The finalists are believed to be Michelle King, the current interim, and Kelvin Adams, superintendent of public schools in St. Louis.
A special board meeting has been scheduled to start at 4 p.m.
Both of the presumptive finalists are African-American. As the second-largest school district in the nation, LA Unified has 644,000 students, including 74 percent who are Latino, 9.8 percent white, 8.4 percent African-American and 6 percent Asian.
While the district has been led by an African-American before — Sidney Thompson from 1992 to 1997 and David Brewer from 2006 to 2009, no woman has served in the position in nearly 90 years.
King, 54, who was recently named interim superintendent, served as Chief Deputy Superintendent under Cortines. A product of three LA Unified schools — Windsor Hills Elementary, Palms Junior High and Palisades High — she began her career in the district in 1984 as a science and health teacher at Porter Middle School in Granada Hills. She went on to serve as magnet coordinator at Orville Wright Math, Science and Aerospace Magnet Middle School in Westchester and then became principal of Hamilton High School in West Los Angeles.

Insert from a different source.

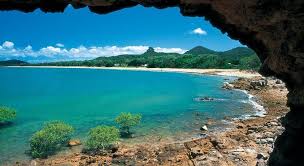 Cape Hillsborough National Park Queensland With Images Beautiful Locations Hillsborough Moving To Australia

She was promoted to a Local District superintendent before moving up to assistant superintendent under John Deasy. When Deasy resigned under pressure and Cortines returned in late 2014, she was named his second-in-command and top advisor. He stepped down last month.
Adams, 59, took over a district with many problems and began turning it around over the past seven years. The 24,000-student school district in St. Louis has a large population of low-income students and was suffering from declining enrollment, both issues that are important at LA Unified. Adams has confirmed that he was interested in the job.
No names of any of the contenders have been confirmed because the search process has played out in private, but several candidates were forced to speak up after media outlets speculated they were in the running. San Francisco Superintendent Richard Carranza said he was not interested in the job recently after the Los Angeles Times named him as a top contender, and early in the process, Atlanta Superintendent Meria Carstarphen withdrew as a candidate. Others in the mix have included former LAUSD adminstrator Robert Collins, business executive Jim Berk and Miami-Dade County Superintendent Alberto Carvalho.
The board decided early on to pick the next superintendent through a closed process to allow for the best candidates to remain in consideration without violating confidences. The board received input from surveys and two weeks of community meetings to ask the public what kind of characteristics they wanted for the next school leader. About 9,500 people took the survey, and the board used the list of characteristics to find potential candidates.
School board President Steve Zimmer previously expressed hopes that the school board could unify behind one candidate for the top spot. But, it remains uncertain whether the eventual winner will have won the support of all seven members, given their differing views on such issues as charter schools and the possibility that the ethnic background of the winner might not appeal to every member.
Among the LA Unified student population are about 140,000 enrolled in more than 250 charter schools. It is the largest charter system in the country. More than one-fourth of the students in the district are English Learners, speaking more than 93 languages. More than half the students are eligible for reduced or free lunches, and nearly 13 percent are students designated with disabilities.
The new district superintendent also has to manage relationships with eight labor unions, including the powerful teachers union, UTLA, which is already digging in to preserve its benefits and pension plans at a time the district is facing budget deficit in the years ahead.
The salary in the past for the superintendent has hit $440,000 a year, but it’s not clear what the new superintendent would make. The search firm Hazard, Young, Attea & Associates estimated the costs of the search at $160,000 and the search started in earnest in October.
* Corrects to say first African-American superintendent was Sidney Thompson, not Ruben Zacarias.